La décision revient à l’Union Européenne
Entre le gouvernement espagnol qui défend son projet, et la Catalogne et la communauté scientifique qui le rejettent, soutenues par les groupes écologistes, qui tranche ? La législation européenne prévoit que la Commission Européenne approuve le projet avant qu’il soit réalisé, en s’appuyant sur les critères établis par la Directive Cadre de l’eau. Cette loi, adoptée le 23 octobre 2000 par le Conseil et le Parlement Européen est une disposition visant à promouvoir une meilleure gestion de l’eau en Europe par les moyens suivants :
La récupération et la conservation du bon état écologique des rivières, lacs et aquifères, respectant des critères physico-chimiques, biologiques et morphodynamiques.
Le bassin hydrographique est le cadre territorial de la gestion de l’eau. Les eaux côtières doivent être intégrées dans ce cadre, ainsi que les deltas et les estuaires.

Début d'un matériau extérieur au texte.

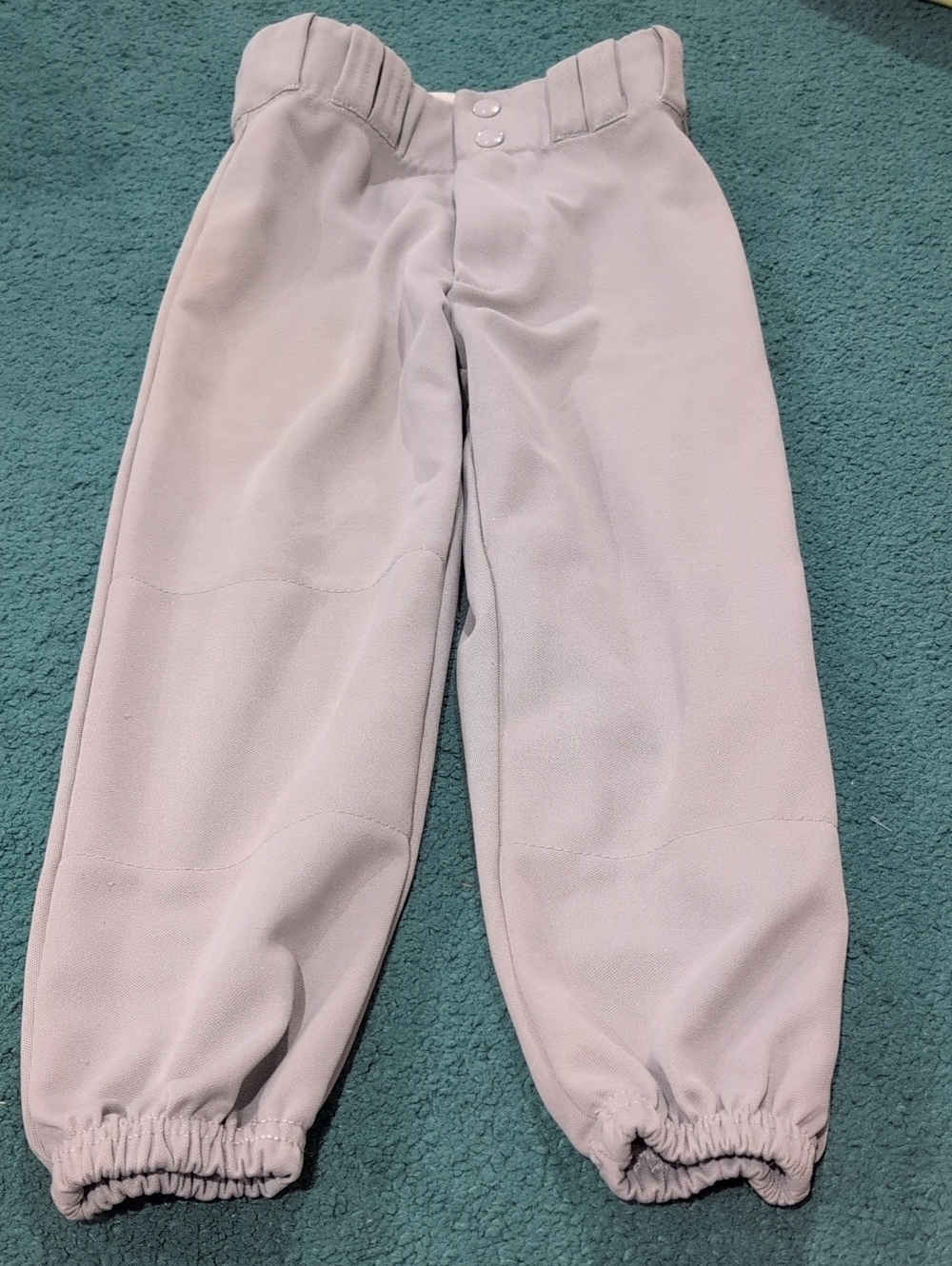 Kids Elastic Cuff Baseball Pants in Light Gray Youth Small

Mise en place de nouveaux critères de rationalité économique, avec la mise en place d’ici 2010 de prix de l’eau incitant l’épargne.

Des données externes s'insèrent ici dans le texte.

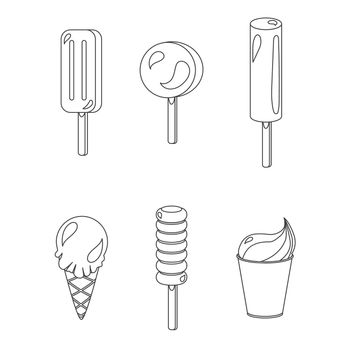 Vector set of different and simple ice-creams with lines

Favoriser une participation citoyenne active pour la recherche efficace et solide de résultats. L’Union Européenne a d’autant plus de poids dans sa position d’arbitre de la controverse que c’est elle qui doit financer le projet de transvasement.

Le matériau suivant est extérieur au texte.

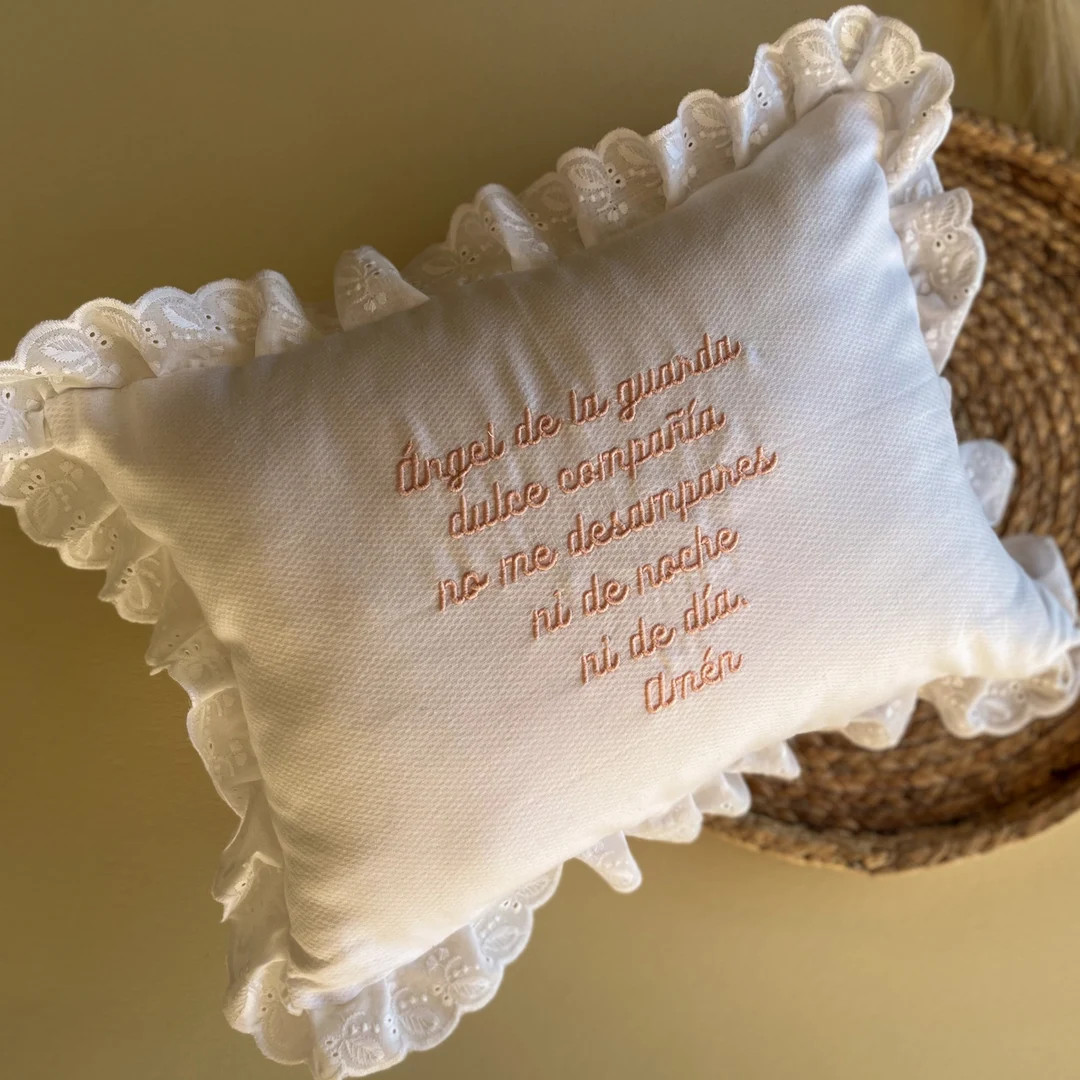Monogram Pillow, Personalized Baby Gift in White Spanish Organic Pique, Guardian Angel Pillow or ... | Etsy (US)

Extrait d’une lettre de la Commission Européenne au gouvernement espagnol du 23 mai 2002 :
« la Commission a reçu un grand nombre de plaintes, tant d'ONGs que de citoyens, ainsi que diverses demandes et pétitions du Parlement Européen, sur le Plan Hydrologique National Espagnol (PHN). Toutes ces demandes parlementaires, pétitions et plaintes posent la question de savoir si le Plan, et en particulier le transvasement de l'Ebre, remplit les exigences de la politique et de la législation environnementale européenne existante. […] La finalité de cette lettre est d'exprimer les points sur lesquels la Direction Générale de l'Environnement considère qu'il existe des motifs de préoccupation sur le respect de la législation communautaire, et d'inviter également les autorités espagnoles à fournir une information supplémentaire spécifique à ce sujet. »
L’élection de Zapatero clôt momentanément l’affaire
Le dossier se trouve encore en suspens lorsque Zapatero est élu 1er ministre en mars 2004, et dès le 18 juin, le conseil des ministres annule le PHN, le remplaçant par le programme AGUA (Action pour la Gestion et l’Utilisation de l’Eau) qui prévoit la production de 621 hm3d’eau douce par an grâce à la construction d’usines de dessalement. Mais le problème de l’approvisionnement en eau de Barcelone n’est pas résolu puisque l’usine destinée à alimenter la métropole n’entrera en service qu’en juin 2009.